Is Your Stock Portfolio ‘Too Long’?

Investors certainly have plenty to be thankful for this week. The SPDR S&P 500 ETF Trust SPY 0.23% is up 16.4 percent year-to-date, and the U.S. economy is firing on all cylinders.

But according to CNBC analyst Jim Cramer, it’s never a bad time to prepare for the future. After an eight-year bull market in U.S. stocks, Cramer says many investors should make sure they are not “too long” when the next market downturn occurs.

Stocks Aren’t Houses

Being too long is a scenario in which investors have all their cash already invested in the stock market, Cramer said. When share prices start to fall and prices get cheap, they are forced to either watch on the sidelines or borrow money to finance stock purchases, which Cramer said is an unwise decision.

“Stocks aren’t houses,” Cramer said earlier this year. “You can’t fall back and live in them if you have mortgages on them. They just get taken away.”

Diversification Is Key

For investors who may be too long, there are a number of simple steps to take to prepare for the next market downturn. First, don’t have 100 percent of a portfolio invested in stocks. Bonds and commodities such as gold can provide returns on investment and have enough liquidity that they can be easily sold if better opportunities arise.

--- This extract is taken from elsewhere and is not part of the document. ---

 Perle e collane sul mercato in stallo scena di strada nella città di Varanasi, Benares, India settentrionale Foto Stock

The iShares IBoxx $ Invest Grade Corp Bd Fd LQD 0.12% has only about a 16 percent correlation to the S&P 500. The SPDR Gold Trust (ETF) GLD 0.25% has a relatively low 22 percent correlation.

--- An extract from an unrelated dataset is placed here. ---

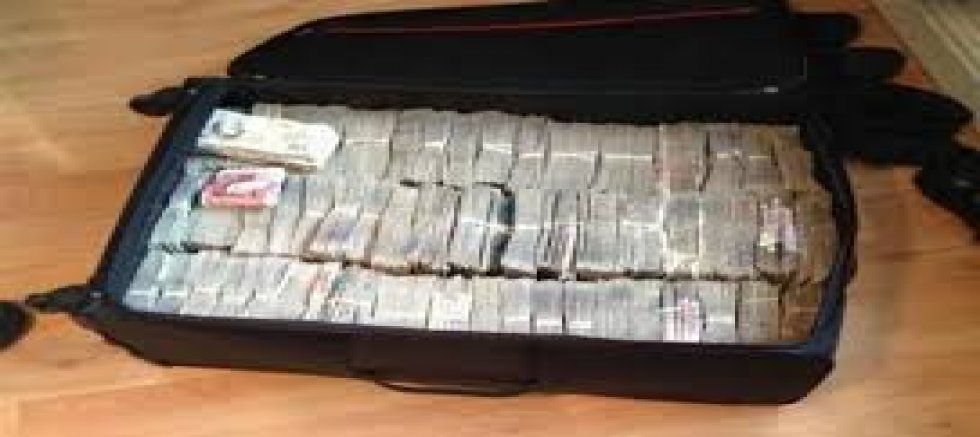 Bİ DÖNEM KAPANIYOR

Even high-interest savings accounts are paying up to 1.4 percent interest these days, according to Bankrate.

Have A Plan

In addition to dialing back stock market exposure, Cramer said investors should have a short list of their favorite stocks ready to go so they can pull the trigger and be ready to buy when share prices fall.

Investors who manage their own money have a unique flexibility advantage, but they have to have…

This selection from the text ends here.